The Bank of England finally confessed in November that the new notes do indeed contain traces of tallow, beef tallow to be exact (hence that awful pun in the title of this article). And whilst most people seem indifferent to (or are simply unaware of) this fact, it nevertheless constitutes a big problem for many Vegetarians and Vegans around the country, for obvious reasons. But even more interesting is the fact that these notes pose a rare difficulty for some religious groups. Hindus, for example, consider the cow to be a sacred creature, and so the literal harvesting of its insides for money isn’t something that a lot of them can overlook.

Since the news of the ‘blood money’ broke, there has been a range of reactions, from silently abstaining from touching the notes to online petitions and even banning others from using them. A well-known vegetarian restaurant in Cambridge, Rainbow café, gained mixed reviews when it decided not to allow its customers to pay using the plastic £5 note. And whilst many of its loyal customers saw this as a reasonable response, others thought it was simply ridiculous- ‘What if a fiver is all I have? What happens then? Or do I need to have planned in advance anytime I want an impromptu snack’. Even bigger than this one café is the online petition requesting that the Bank of England ‘Remove Tallow from bank notes’. This petition currently has over 130,000 signatures and was officially delivered to the Bank on 6th December 2016. Since then, the Bank has tweeted that it is taking the issue very seriously and the online petition continues to gain signatures.
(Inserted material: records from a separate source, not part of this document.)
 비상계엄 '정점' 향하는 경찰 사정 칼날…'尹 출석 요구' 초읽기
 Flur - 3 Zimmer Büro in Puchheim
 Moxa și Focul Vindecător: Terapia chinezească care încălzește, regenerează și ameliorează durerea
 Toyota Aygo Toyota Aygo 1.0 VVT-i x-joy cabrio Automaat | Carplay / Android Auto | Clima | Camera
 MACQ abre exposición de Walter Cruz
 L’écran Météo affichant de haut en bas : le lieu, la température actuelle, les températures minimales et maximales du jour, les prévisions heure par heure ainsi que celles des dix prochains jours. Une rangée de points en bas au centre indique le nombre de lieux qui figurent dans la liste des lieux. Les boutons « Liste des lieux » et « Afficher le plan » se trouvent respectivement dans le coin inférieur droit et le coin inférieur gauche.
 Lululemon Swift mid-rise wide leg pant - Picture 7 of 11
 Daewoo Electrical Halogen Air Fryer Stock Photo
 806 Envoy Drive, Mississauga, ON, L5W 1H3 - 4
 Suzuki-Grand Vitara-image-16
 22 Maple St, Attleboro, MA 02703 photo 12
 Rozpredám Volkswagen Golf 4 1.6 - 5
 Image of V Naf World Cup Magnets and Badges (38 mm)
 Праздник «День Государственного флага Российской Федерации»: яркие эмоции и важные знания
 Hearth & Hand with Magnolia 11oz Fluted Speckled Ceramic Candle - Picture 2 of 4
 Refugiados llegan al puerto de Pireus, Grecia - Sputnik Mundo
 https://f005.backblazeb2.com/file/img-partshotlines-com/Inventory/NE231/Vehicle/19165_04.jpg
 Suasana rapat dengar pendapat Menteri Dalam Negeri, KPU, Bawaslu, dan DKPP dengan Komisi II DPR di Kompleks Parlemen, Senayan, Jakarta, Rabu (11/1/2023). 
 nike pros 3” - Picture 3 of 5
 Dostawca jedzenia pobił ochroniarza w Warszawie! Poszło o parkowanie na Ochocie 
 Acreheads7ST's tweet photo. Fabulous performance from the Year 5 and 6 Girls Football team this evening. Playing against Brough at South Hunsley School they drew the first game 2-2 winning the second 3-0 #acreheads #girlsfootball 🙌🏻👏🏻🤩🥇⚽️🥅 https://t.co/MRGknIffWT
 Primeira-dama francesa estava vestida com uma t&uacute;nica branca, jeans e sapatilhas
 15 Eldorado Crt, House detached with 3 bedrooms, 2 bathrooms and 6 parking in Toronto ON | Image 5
Seeing as I’m not Hindu and I have no interest in becoming a vegetarian the only way I can relate to this issue is the fact that my country started using polymer notes long before the UK did, and quite frankly no one had a problem with it. These ‘Plastics’ are believed to have originated in Australia in the 80s and are now being used in Canada, Vietnam, Nigeria and a variety of other nations, because of their many advantages. You’ll never have to worry about accidently ripping a note, or forgetting money in pocket of your skinny jeans the day before laundry day, ever again. An alternative would be to use vegetable-based tallow from coconut or palm oil, but this is more expensive than animal-based tallow and so probably isn’t going to be high up on the government’s list of alternatives. Either way, this polymer money has been referred to as the future of modern currency. Then again, if this future involves the continuance of animal cruelty is it really worth it? Possibly.